• What is required:
Answer with a single number: the count of lines below that hold "image".

(Short descriptive text snippets)
========================================

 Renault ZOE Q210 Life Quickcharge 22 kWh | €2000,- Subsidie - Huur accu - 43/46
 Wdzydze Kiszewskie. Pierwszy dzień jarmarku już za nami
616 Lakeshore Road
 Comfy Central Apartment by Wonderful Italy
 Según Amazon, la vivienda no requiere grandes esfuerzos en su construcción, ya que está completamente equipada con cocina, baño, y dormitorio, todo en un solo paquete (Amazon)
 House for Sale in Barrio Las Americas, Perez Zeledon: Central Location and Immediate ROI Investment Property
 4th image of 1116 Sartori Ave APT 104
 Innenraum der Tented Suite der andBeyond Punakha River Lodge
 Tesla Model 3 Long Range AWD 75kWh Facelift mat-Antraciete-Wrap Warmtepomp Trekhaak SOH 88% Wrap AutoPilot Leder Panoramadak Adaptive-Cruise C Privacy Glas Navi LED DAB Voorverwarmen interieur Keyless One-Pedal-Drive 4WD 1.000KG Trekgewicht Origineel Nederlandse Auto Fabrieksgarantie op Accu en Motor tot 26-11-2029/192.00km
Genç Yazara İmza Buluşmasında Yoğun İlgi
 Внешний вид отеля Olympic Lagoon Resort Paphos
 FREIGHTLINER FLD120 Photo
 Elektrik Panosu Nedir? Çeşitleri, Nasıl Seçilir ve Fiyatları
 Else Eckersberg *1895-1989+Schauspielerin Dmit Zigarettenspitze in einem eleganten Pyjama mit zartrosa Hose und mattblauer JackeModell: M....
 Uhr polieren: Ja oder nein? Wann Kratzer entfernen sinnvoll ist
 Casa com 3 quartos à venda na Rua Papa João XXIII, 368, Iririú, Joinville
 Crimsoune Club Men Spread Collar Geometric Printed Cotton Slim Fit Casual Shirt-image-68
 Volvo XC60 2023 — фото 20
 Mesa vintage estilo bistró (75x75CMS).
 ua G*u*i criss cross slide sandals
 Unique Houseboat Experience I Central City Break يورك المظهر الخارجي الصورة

========================================

• Exercise output:
2